The spectacular basalt recumbent is pale grey and its flankers are contrasting in pink although this is not clear in photographs because of the heavy covering of lichen on the stones.

This grey and pink arrangement recurs in the circle where the eastern orthostats are grey and the western ones, pink. The kerbstones were also alternating pink and grey.

As with all recumbent circles this one was built to have an open view to the south which allows tracking of the movements of the moon.

The huge 14 foot,20 ton recumbent is well-known for marks known as the Devil’s hoofprints on the recumbent.

The recumbent’s flankers are over 9 feet high.

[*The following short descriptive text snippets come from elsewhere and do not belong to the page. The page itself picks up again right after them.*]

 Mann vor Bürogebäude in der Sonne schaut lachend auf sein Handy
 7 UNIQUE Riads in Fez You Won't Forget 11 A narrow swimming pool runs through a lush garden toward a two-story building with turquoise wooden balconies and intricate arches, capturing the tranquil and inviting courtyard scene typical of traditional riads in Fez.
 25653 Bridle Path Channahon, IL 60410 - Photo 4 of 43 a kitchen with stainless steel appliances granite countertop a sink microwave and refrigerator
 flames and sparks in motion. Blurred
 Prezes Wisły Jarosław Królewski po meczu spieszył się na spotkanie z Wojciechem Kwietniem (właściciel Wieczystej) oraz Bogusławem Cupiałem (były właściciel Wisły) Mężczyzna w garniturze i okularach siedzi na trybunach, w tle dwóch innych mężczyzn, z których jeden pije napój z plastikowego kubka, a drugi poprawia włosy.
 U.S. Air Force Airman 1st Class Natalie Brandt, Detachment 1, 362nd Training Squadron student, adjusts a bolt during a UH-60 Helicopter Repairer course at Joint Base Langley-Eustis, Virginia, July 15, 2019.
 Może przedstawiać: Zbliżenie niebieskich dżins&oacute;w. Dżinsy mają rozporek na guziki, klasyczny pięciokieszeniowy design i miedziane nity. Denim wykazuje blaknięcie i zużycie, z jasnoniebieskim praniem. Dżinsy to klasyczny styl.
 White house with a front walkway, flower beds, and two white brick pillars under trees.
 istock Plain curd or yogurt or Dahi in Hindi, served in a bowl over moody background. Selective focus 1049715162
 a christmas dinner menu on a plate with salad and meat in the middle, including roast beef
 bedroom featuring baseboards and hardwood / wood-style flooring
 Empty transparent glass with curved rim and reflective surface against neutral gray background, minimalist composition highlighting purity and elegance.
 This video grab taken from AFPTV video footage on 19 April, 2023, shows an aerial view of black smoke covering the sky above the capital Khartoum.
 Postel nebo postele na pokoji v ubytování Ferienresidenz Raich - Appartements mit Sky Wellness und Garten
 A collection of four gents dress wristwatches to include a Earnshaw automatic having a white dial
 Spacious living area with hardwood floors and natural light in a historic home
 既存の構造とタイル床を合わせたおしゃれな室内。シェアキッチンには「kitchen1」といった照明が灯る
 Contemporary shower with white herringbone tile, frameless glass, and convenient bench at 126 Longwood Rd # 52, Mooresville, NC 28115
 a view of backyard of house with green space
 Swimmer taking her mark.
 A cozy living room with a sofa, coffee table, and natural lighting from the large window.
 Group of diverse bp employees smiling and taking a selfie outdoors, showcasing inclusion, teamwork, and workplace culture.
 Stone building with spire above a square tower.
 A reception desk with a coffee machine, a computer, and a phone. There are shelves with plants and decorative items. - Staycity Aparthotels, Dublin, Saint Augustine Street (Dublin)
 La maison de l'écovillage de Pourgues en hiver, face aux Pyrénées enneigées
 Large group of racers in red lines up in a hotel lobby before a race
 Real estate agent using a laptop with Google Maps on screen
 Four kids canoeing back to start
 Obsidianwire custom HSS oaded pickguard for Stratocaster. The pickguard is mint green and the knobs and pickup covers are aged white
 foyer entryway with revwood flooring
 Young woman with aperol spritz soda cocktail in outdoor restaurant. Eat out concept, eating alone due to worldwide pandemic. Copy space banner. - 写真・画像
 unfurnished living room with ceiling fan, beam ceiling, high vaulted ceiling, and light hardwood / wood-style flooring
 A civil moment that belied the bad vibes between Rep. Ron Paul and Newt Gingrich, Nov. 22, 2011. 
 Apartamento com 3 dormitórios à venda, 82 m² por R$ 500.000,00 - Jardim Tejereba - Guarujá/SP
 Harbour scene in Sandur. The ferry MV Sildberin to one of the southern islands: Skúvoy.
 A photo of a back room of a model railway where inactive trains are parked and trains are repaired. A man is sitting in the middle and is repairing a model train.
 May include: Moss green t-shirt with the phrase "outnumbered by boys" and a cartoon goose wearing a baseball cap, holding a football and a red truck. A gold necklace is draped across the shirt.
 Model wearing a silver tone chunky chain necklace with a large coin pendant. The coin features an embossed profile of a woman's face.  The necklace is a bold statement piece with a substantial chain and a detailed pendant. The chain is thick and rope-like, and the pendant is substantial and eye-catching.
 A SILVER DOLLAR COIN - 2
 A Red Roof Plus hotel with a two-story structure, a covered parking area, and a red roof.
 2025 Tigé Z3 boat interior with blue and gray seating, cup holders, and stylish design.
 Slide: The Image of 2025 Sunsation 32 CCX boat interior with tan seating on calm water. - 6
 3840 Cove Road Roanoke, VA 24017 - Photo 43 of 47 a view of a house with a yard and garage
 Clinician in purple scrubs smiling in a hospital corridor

Is the centre of the circle lies a capstone marking, actually or symbolically, an opening of a passage grave – or it may have been positioned there later. We don’t know.

April 1, 2012

South Fornet Recumbent Stone Circle

South Fornet

Continuing the exploration of Aberdeenshire’s many stone circles and recumbent circles in particular took us to South Fornet, close to Castle Fraser.

It’s not particularly easy to find some of the remaining recumbent stone circles which once abounded in the northeast of Scotland. Several have been raided over time for their stone, perhaps for building or land rollers. Some have been cleared during the great land reclamations of the agricultural revolution.

This remaining stones from this circle were not obvious from the road and required walking along the edge of a field. It’s not an easy way in as the ground is very uneven and the way is difficult. Then there are fences to be crossed.

It is interesting how some farmers, clearly proud to be working land which includes these wonderful monuments, encourage visitors to access their stone circles while others make life difficult for anyone wishing to access them.

The stones stand well above 6 feet high. There is a lot of similarity in the shape of these grey whinstone flankers: pointing in towards the missing recumbent. Veins of white quartz can be seen running through the flankers.

South Fornet is set in beautiful open countryside and only the two flankers remain upright. The gap where the recumbent would have been has been in-filled with field rubble.

Two stones, apparently from the circle lie where they fell or were abandoned on removal.

Cup marks are visible cut into the stones, not necessarily from the time the circle was erected.

At some point in its history, the name A Bruce has been carved into one of the stones.